Agile – Acceptance tests done first…how can this be accomplished

agiledevelopment-processtddtesting

The basic gist of most Agile methods is that a feature is not "done" until it's been developed, tested, and in many cases released. This is supposed to happen in quick turnaround chunks of time such as "Sprints" in the Scrum process.

A common part of Agile is also TDD, which states that tests are done first.

My team works on a GUI program that does a lot of specific drawing and such. In order to provide tests, the testing team needs to be able to work with something that at least attempts to perform the things they are trying to test. We've found no way around this problem.
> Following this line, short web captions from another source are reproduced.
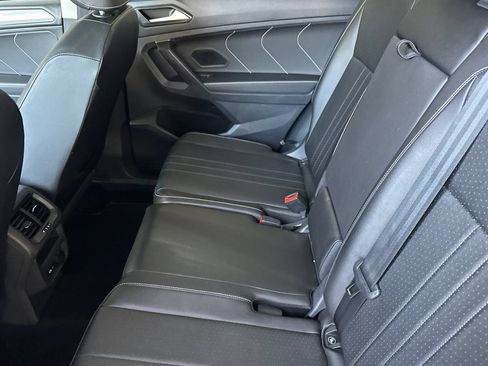 Used 2023 Volkswagen Tiguan SE w/ Panoramic Sunroof Package FWD image 12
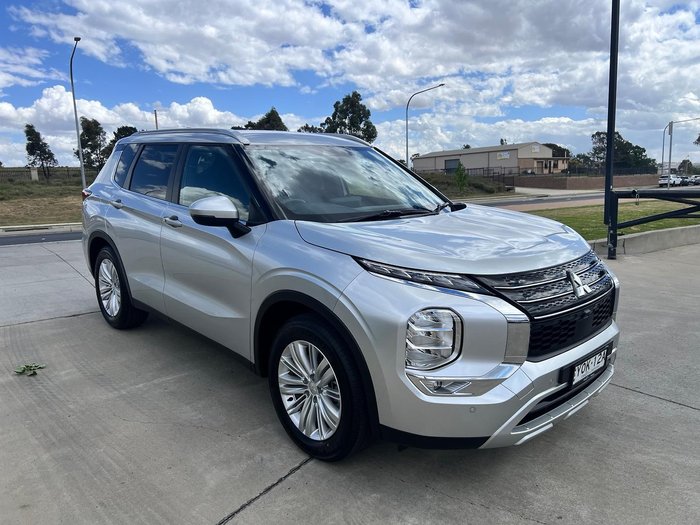 2024 Mitsubishi Outlander LS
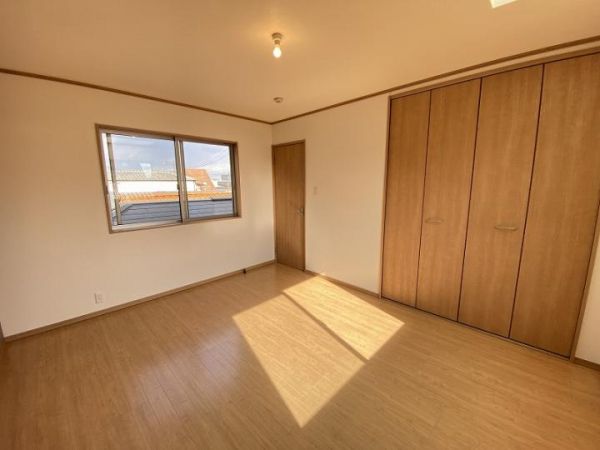 Spacious 3-Story House for Sale in Neyagawa City, Osaka - Thumbnail 3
I can very much see where they are coming from because if I was trying to write software that targeted some basically mysterious interface I'd have a very hard time. Although we have behavior fairly well specified, the exact process of interacting with various UI elements when it comes to automation seems to be too unique to a feature to allow testers to write automated scripts to drive something that does not exist. Even if we could, a lot of things end up turning up later as having been missing from the specification.
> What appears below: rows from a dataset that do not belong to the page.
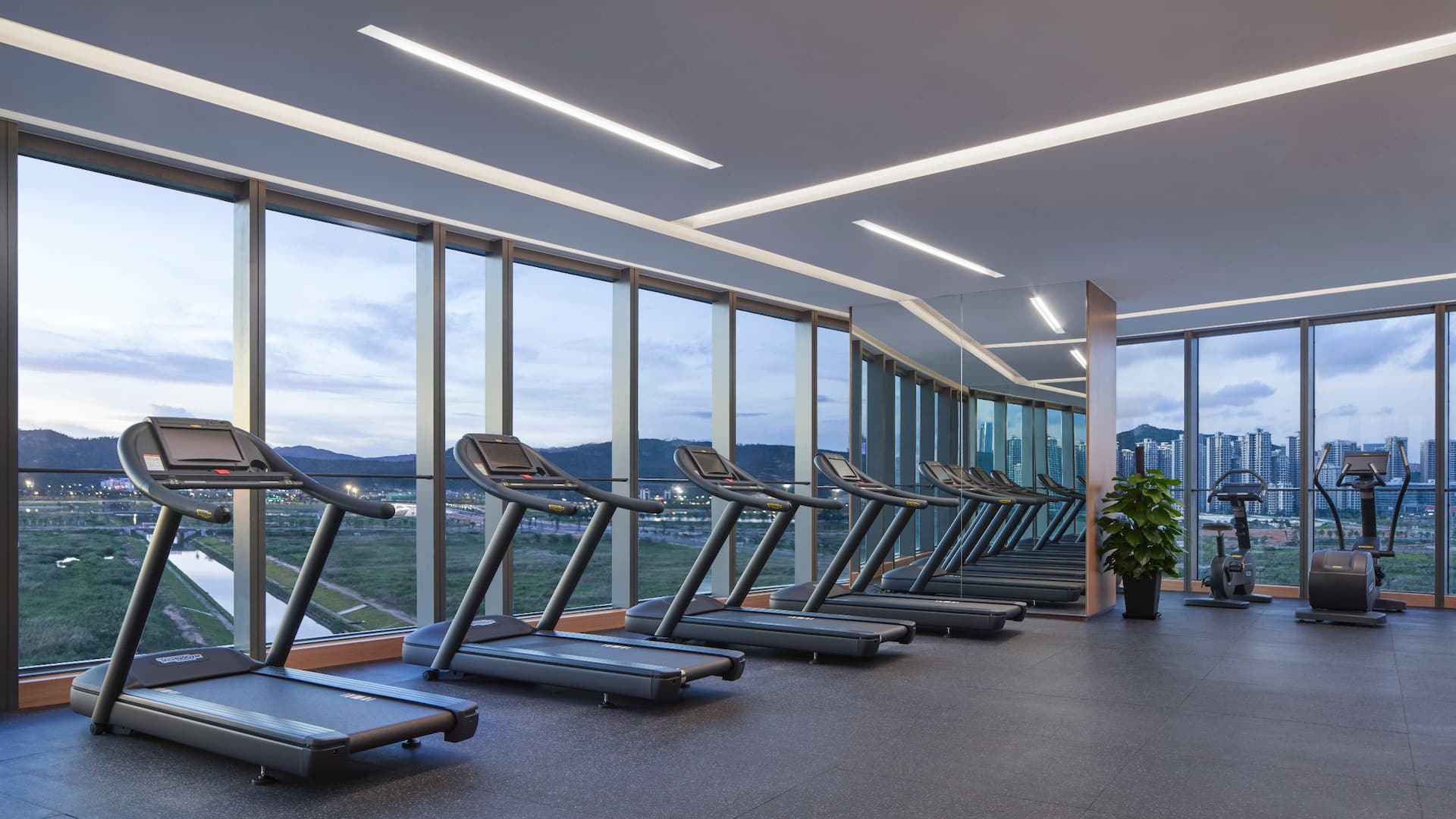 Hyatt Regency Hengqin Regency Fitness Center
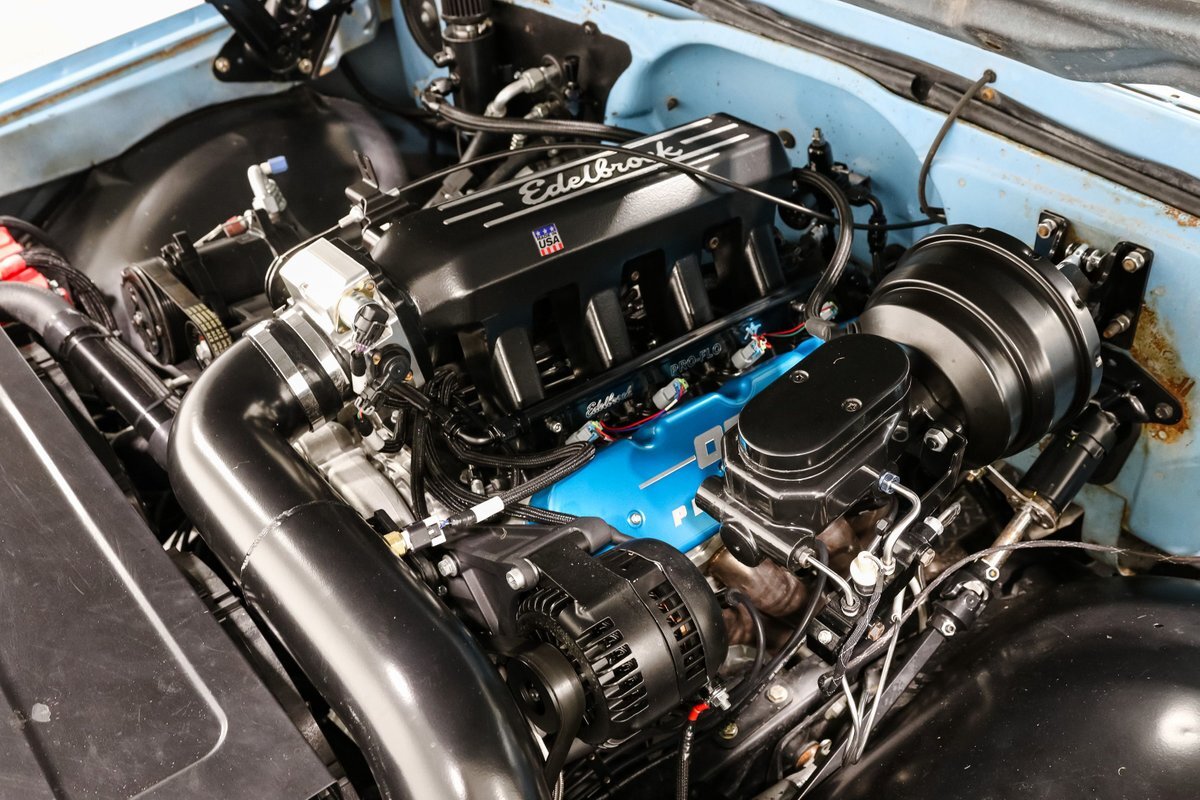 Chevrolet-C-10-1967-Pickup-Truck-11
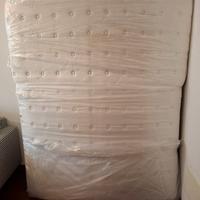 Materasso 190x160 in molle insacchettate e memory
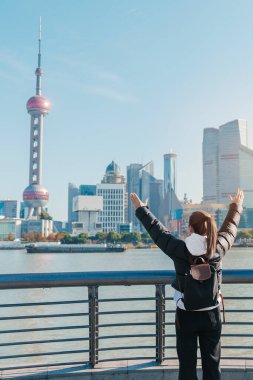 Çin, Şangay 'ı ziyaret eden bir kadın gezgin. Sırt çantalı bayan turist Şangay 'da Lujiazui' nin Şangay manzarasına bakıyor. Şehir simgesi ve turizm turizmi için popüler. Tatil kavramı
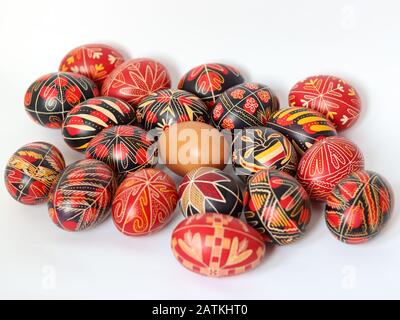 Gruppe der traditionell dekorierten rumänischen ostereier isoliert auf weißem Hintergrund mit einem unbemalten Ei in der Mitte, handgefertigt, traditionelle Symbole Stockfoto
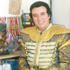 Bizim Elvis de kalbine yenildi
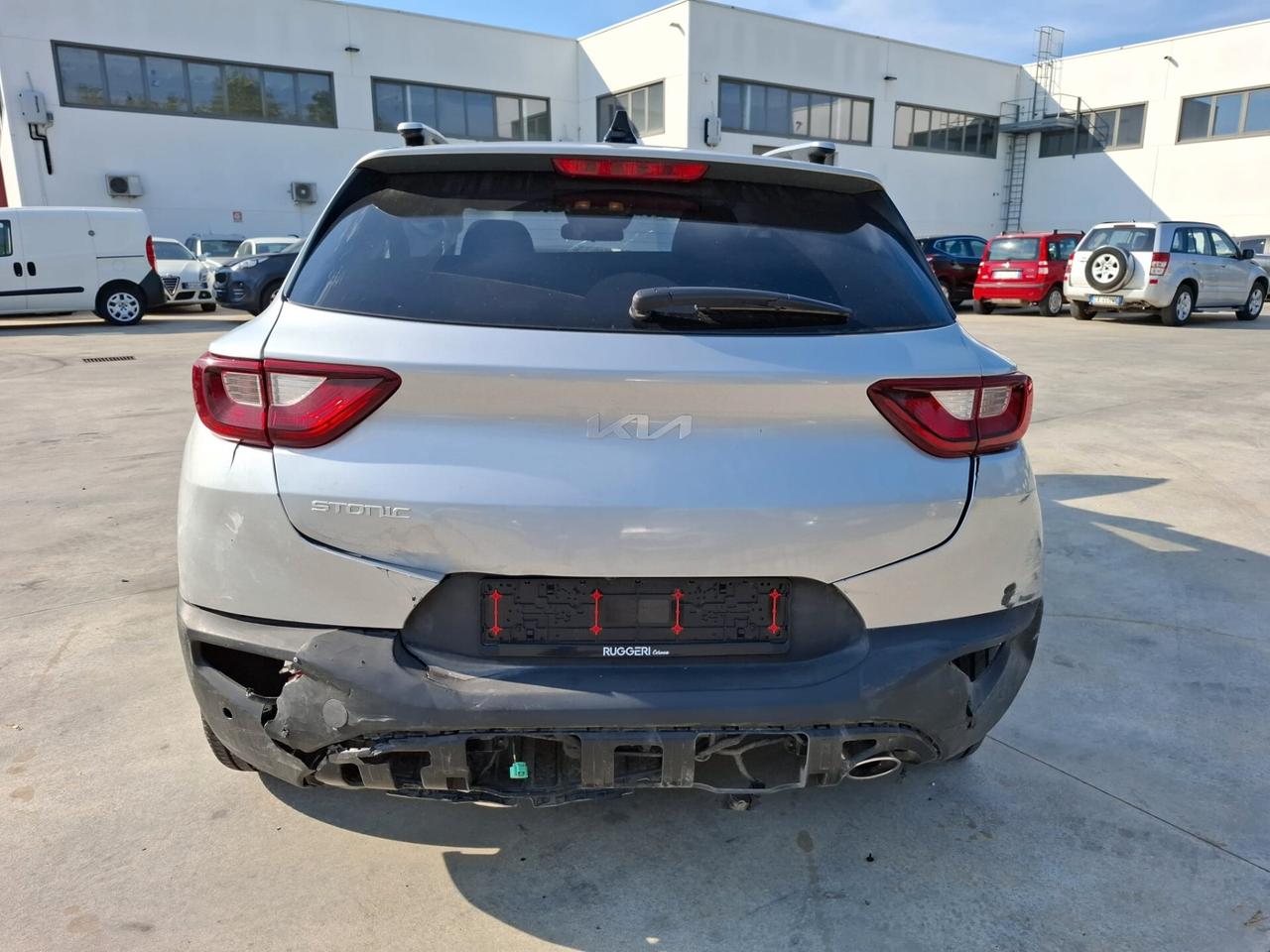 Kia Stonic 1.2 GPL - SINISTRATA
One thing we considered doing was having the testers write test "scripts" that are more like a set of steps that must be performed, as described from a use-case perspective, so that they can be "automated" by a human being. This can then be performed by the developer(s) writing the feature and/or verified by someone else. When the testers later get an opportunity they automate the "script" for regression purposes mainly. This didn't end up catching on in the team though.

The testing part of the team is actually falling behind us by quite a margin. This is one reason why the apparently extra time of developing a "script" for a human being to perform just did not happen….they're under a crunch to keep up with us developers. If we waited for them, we'd get nothing done. It's not their fault really, they're a bottle neck but they're doing what they should be and working as fast as possible. The process itself seems to be set up against them.
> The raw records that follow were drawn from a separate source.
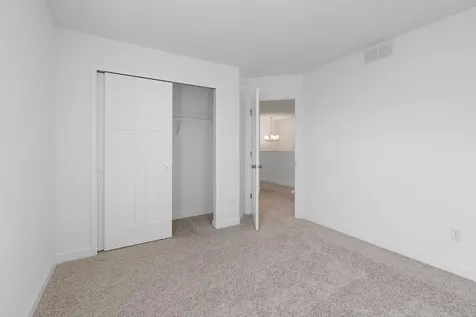 8921 Periwinkle Boulevard Woodbury MN 55129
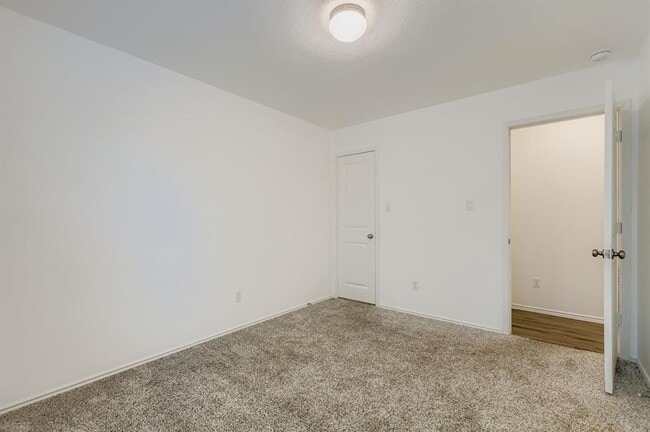 Building Photo - 128 Concho Brook Bnd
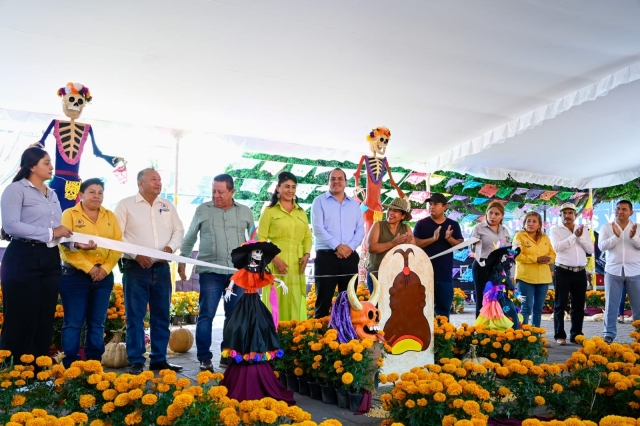 Inaugura Cuauhtémoc Blanco exposición de catrinas monumentales en Jonacatepec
Very often we end up having to go back a month or more in what we've done to fix bugs that the testers have finally gotten to checking. It's an ugly truth that I'd like to do something about.

So what do other teams do to solve this fail cascade? How can we get testers ahead of us and how can we make it so that there's actually time for them to write tests for the features we do in a sprint without making us sit and twiddle our thumbs in the meantime? As it's currently going, in order to get a feature "done", using agile definitions, would be to have developers work for 1 week, then testers work the second week, and developers hopefully being able to fix all the bugs they come up with in the last couple days. That's just not going to happen, even if I agreed it was a reasonable solution. I need better ideas…

Best Answer

first, get rid of the split between 'testers' and 'developers'. Everyone tests

second, in TDD, the developers code the tests before they code the feature/story

What you have described is not TDD [it may be Scrum though; Scrum is a project-management methodology independent of the development methodology; Scrum is not relevant to your problem]

Scenarios where automated testing is impossible are exceedingly rare. Scenarios where automated testing is difficult, expensive, or inconvenient are much more common - but it is precisely these scenarios where automated testing is needed the most.

From the vague description, I assume the software is drawing something on the screen. If what is being drawn is determined by data, formulas, or functional steps, then at least write automated tests that test to the level of the data/formulas/functional steps. If the screen output is deterministic (the same steps result in the same drawing output every time) then test manually once, take a screenshot, and let future tests compare the output to the verified screenshot. If the screen output is nondeterministic and not governed by data, formulas, or functional steps, then you're in that rare area where automated testing may be impossible. But I doubt it.

I'm guessing that the only reason testing has not been automated so far is that the developers don't care about it. In TDD, the developers do the testing, so they feel the pain of the boring repetition of testing the same 62-step process a hundred times until all the bugs are gone. Nothing will get an automated testing solution developed faster than making the developers do the testing.